▶ **Supplied data**
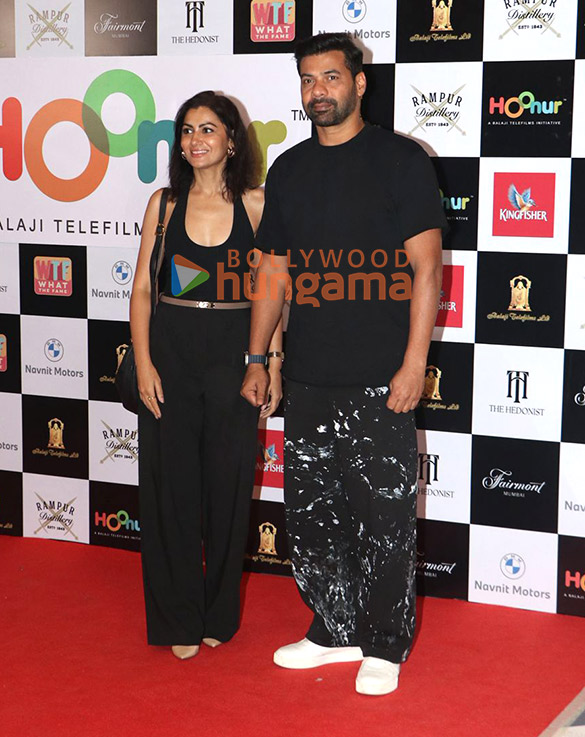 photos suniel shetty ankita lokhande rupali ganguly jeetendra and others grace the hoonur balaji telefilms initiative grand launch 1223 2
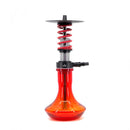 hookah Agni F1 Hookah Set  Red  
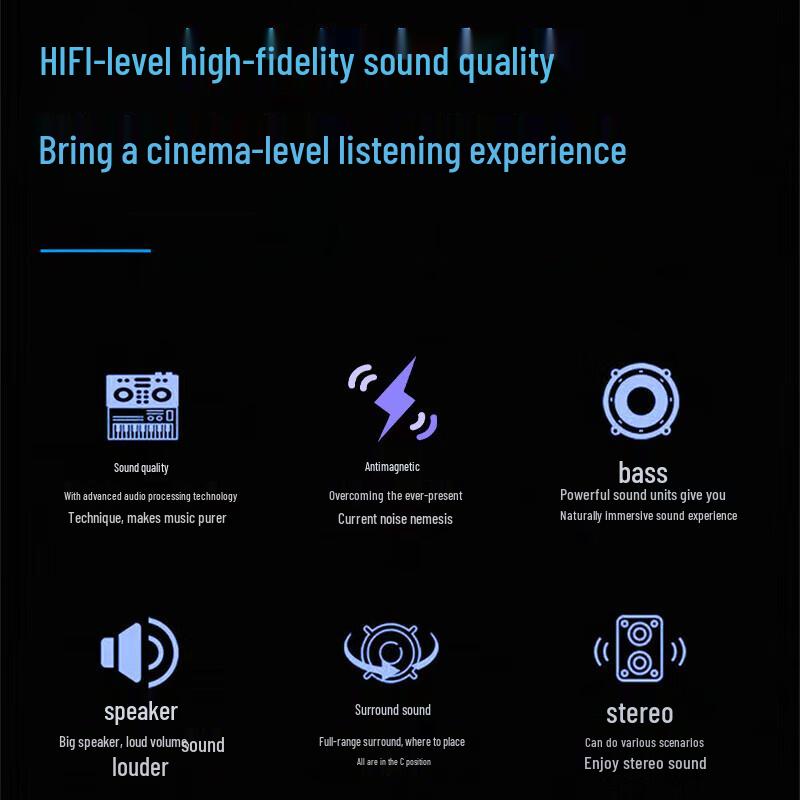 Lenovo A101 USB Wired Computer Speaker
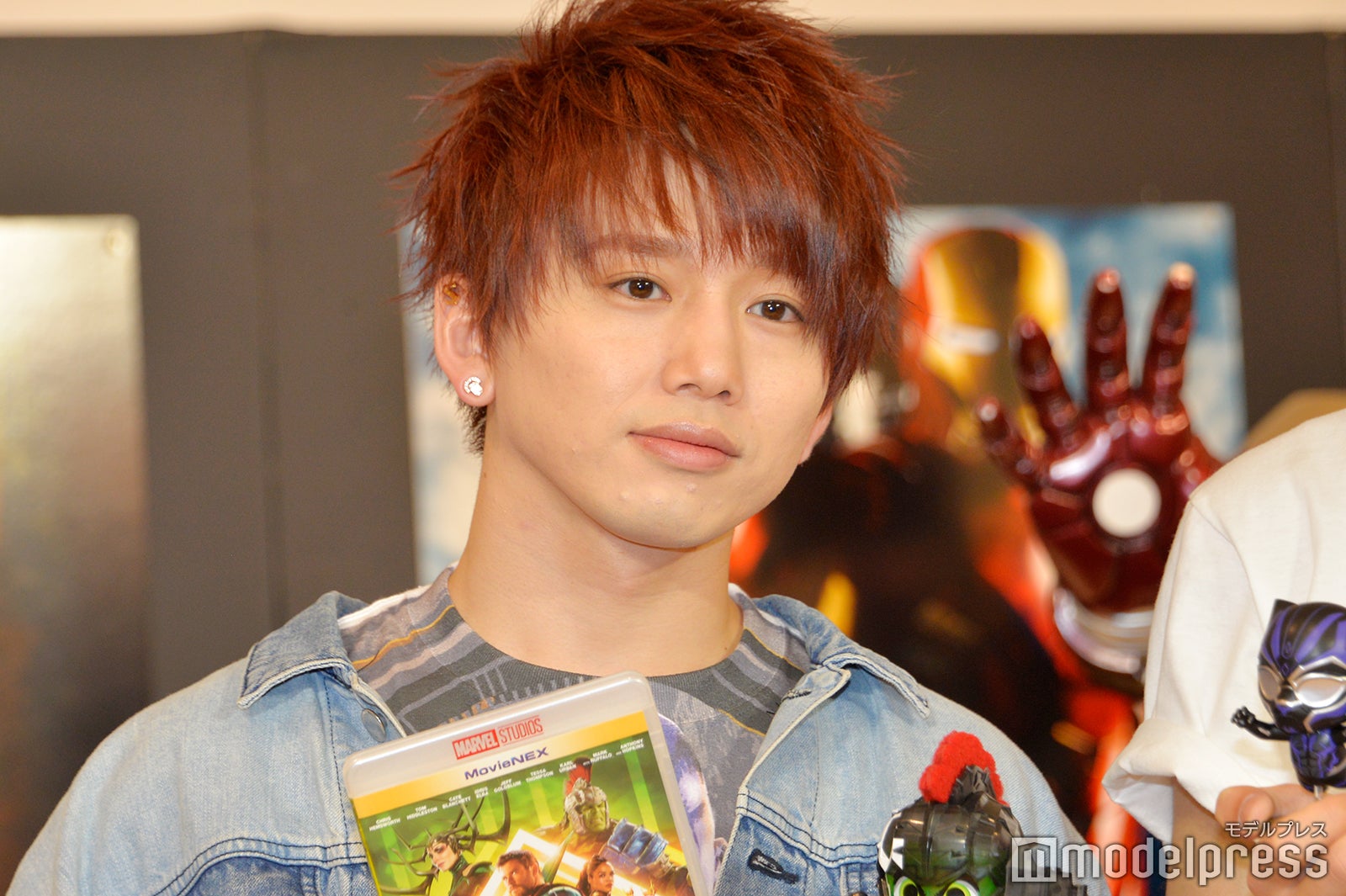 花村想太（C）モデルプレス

--

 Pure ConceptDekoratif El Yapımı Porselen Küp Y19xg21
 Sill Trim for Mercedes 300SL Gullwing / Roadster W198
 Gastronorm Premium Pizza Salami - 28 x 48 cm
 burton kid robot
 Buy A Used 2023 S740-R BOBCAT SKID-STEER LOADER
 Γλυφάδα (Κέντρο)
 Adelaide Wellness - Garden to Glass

--

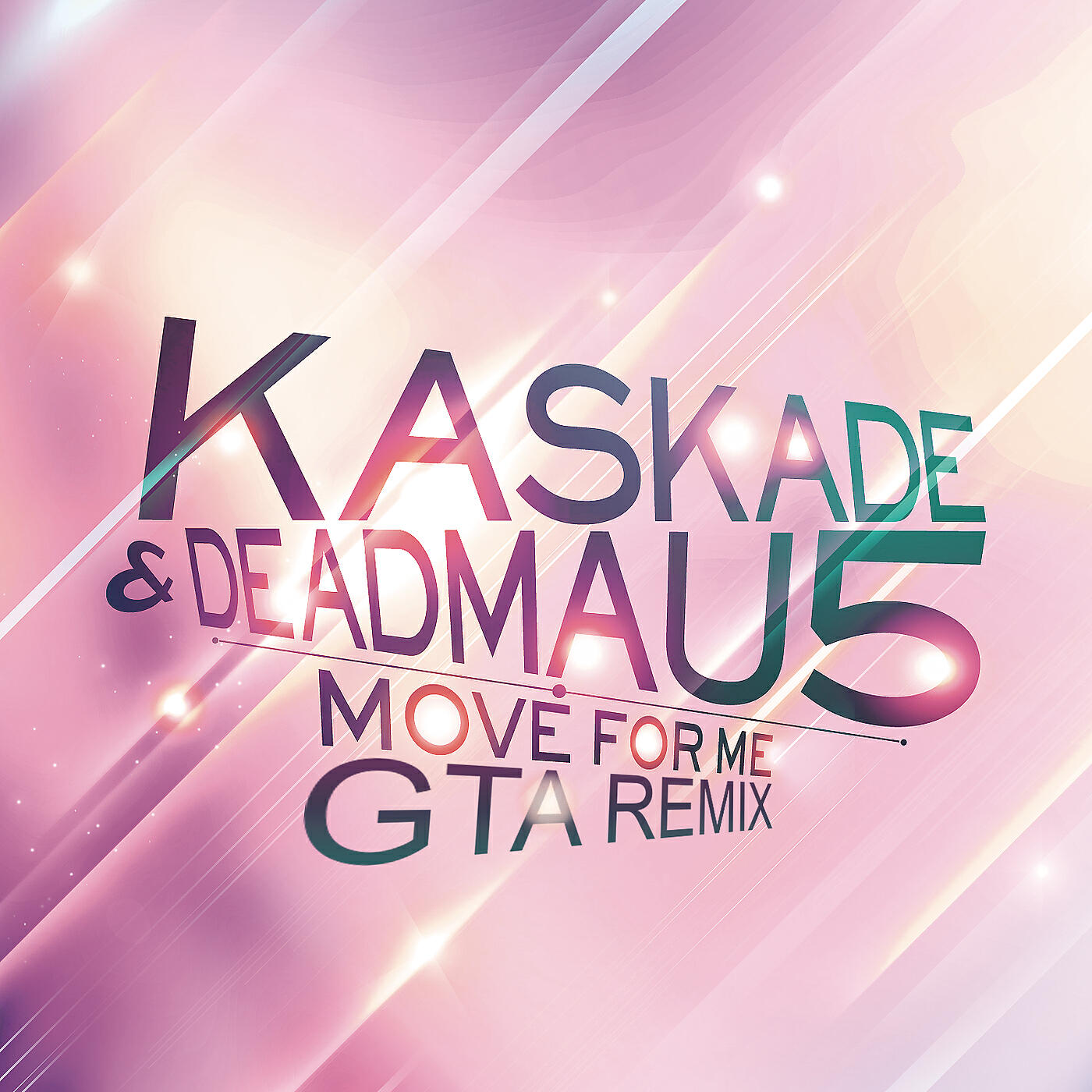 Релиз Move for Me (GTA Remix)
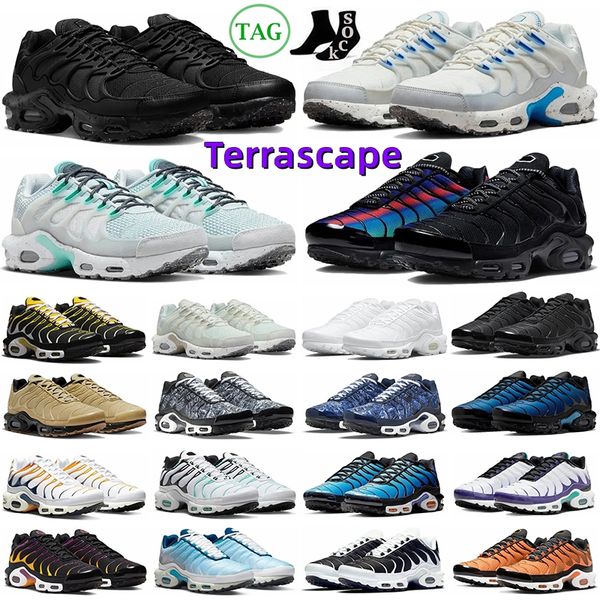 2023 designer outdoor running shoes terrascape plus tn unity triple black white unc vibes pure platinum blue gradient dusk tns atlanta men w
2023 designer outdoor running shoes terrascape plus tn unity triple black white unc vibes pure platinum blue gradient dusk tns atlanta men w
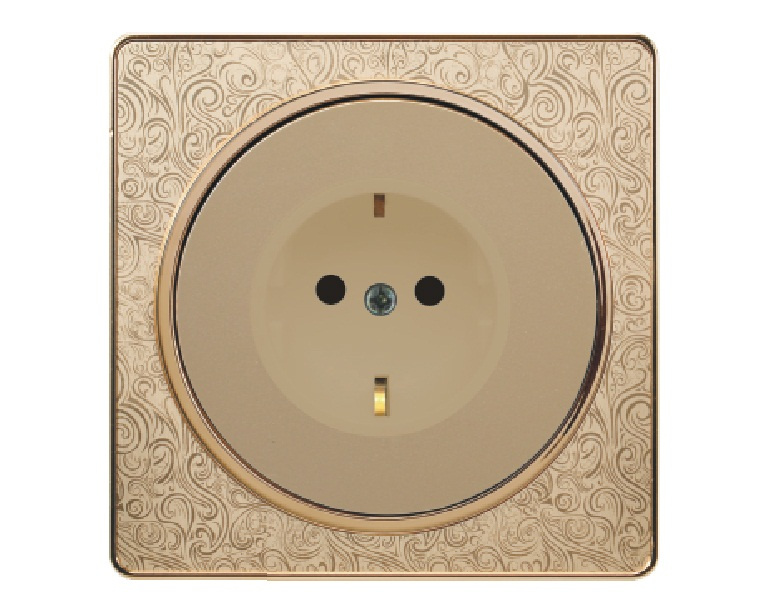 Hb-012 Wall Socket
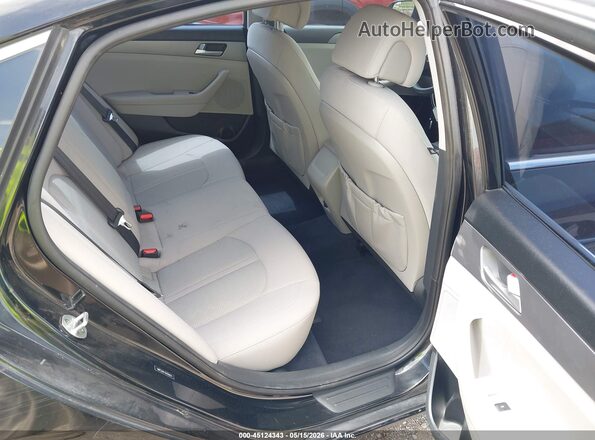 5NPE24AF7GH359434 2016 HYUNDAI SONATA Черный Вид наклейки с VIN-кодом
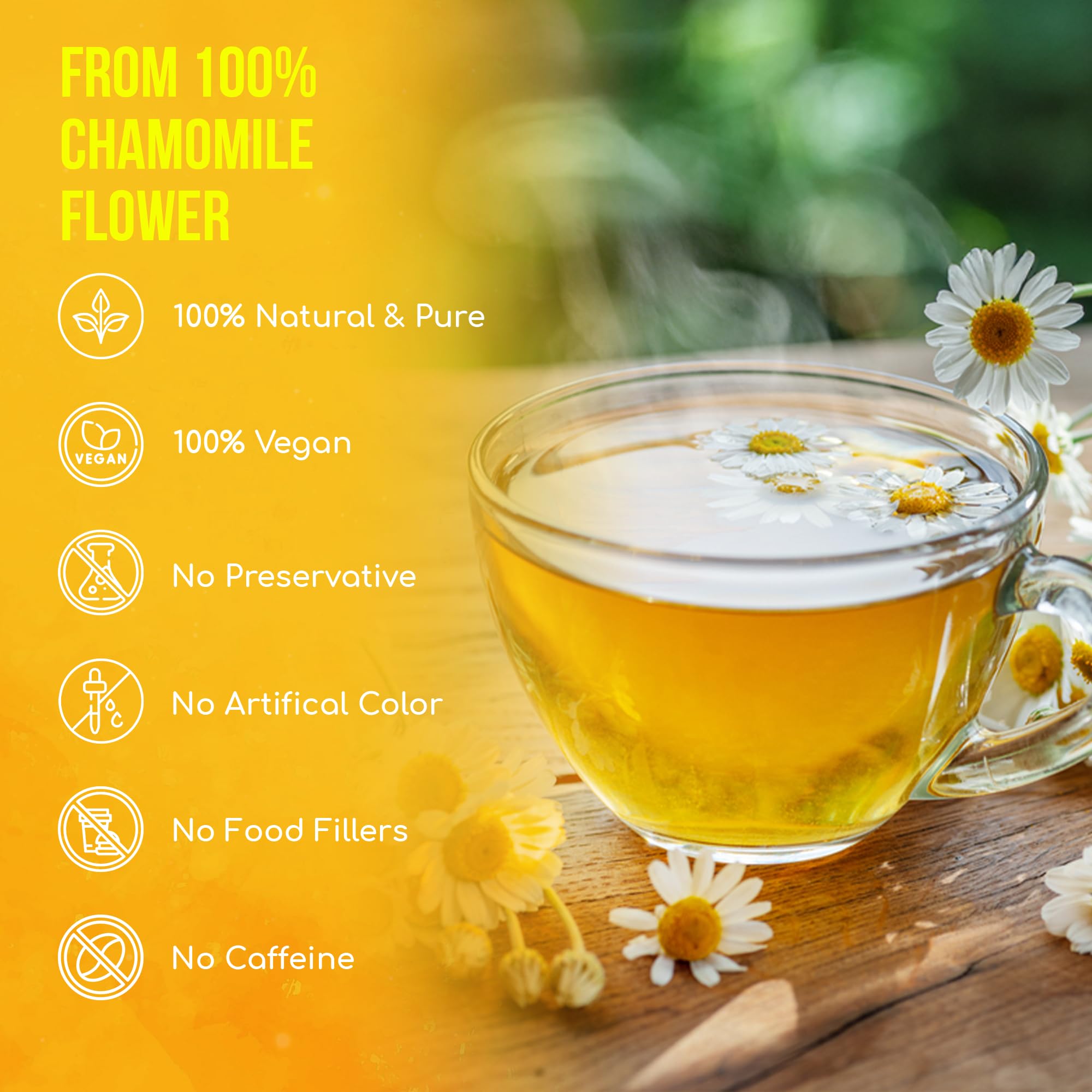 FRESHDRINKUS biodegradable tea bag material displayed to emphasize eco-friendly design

▶ **Brief**
From the records above, copy exactly the lines starting at the one with "hookah Agni F1" and ending at the one with "花村想太（C）モデルプレス", and no others. Pictures stay out.

▶ **Response to the exercise**
 hookah Agni F1 Hookah Set  Red  
 Lenovo A101 USB Wired Computer Speaker
 花村想太（C）モデルプレス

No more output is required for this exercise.